Perdi minha paz, meu descanso, minhas férias, meu sossego e o sono. Coisas que nem o dinheiro que perdi poderiam comprar.

Larguei tudo: planos, especialização, inglês, pessoas, projetos, sonhos...

Passei longos dias no escuro do meu quarto sem querer que o outro dia chegasse. Não era vontade de morrer, mas também não era uma forma de viver. O tempo é mais teimoso do que eu. Ele insiste em chegar e passar.

Quando tento me reerguer, mais um golpe. Nada de inesperado. Capítulo sobre o qual não pretendo/posso/quero/consigo/preciso falar. Saber que algo irá acontecer não é o suficiente para nos prepararmos.

E agora, depois de tanta coisa chorada amargamente, de tantos diálogos ensaiados, tanto desespero, eu estou tentando me arriscar novamente. Não com aquela felicidade rara de 2010, apenas com a consciência limpa de quem deve e quer seguir.

Tenho medo sim, mas estou procurando o que há de melhor em mim e é isso que quero deixar para as pessoas que amo. Mas apenas poderei deixar o meu melhor se eu encontrá-lo e se compartilhá-lo. E, para fazer isso, é preciso estar com essas pessoas que digo amar, as que são especiais pelas atitudes, pelo o que sinto por elas e, sim, pelo medo que tenho de perdê-las.

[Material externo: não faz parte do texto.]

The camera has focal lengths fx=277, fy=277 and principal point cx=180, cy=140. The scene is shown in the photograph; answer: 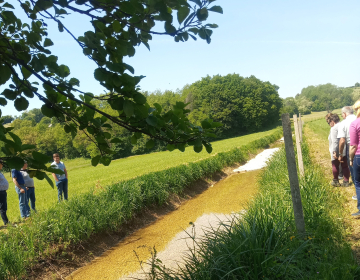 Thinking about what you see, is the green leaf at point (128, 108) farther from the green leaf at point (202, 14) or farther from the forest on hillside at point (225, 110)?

Eu sou uma escritora desesperada por salvar suas – últimas – palavras. E aqui a ambiguidade me salva. Quero guardar sim o último riso ou choro; as palavras finais, não pra saber o que foi dito, mas para lembrar da voz de quem as disse.

Assim encerro com mais um atalho do teclado. A vida não tem desses, e nem a morte é capaz de nos excluir definitivamente.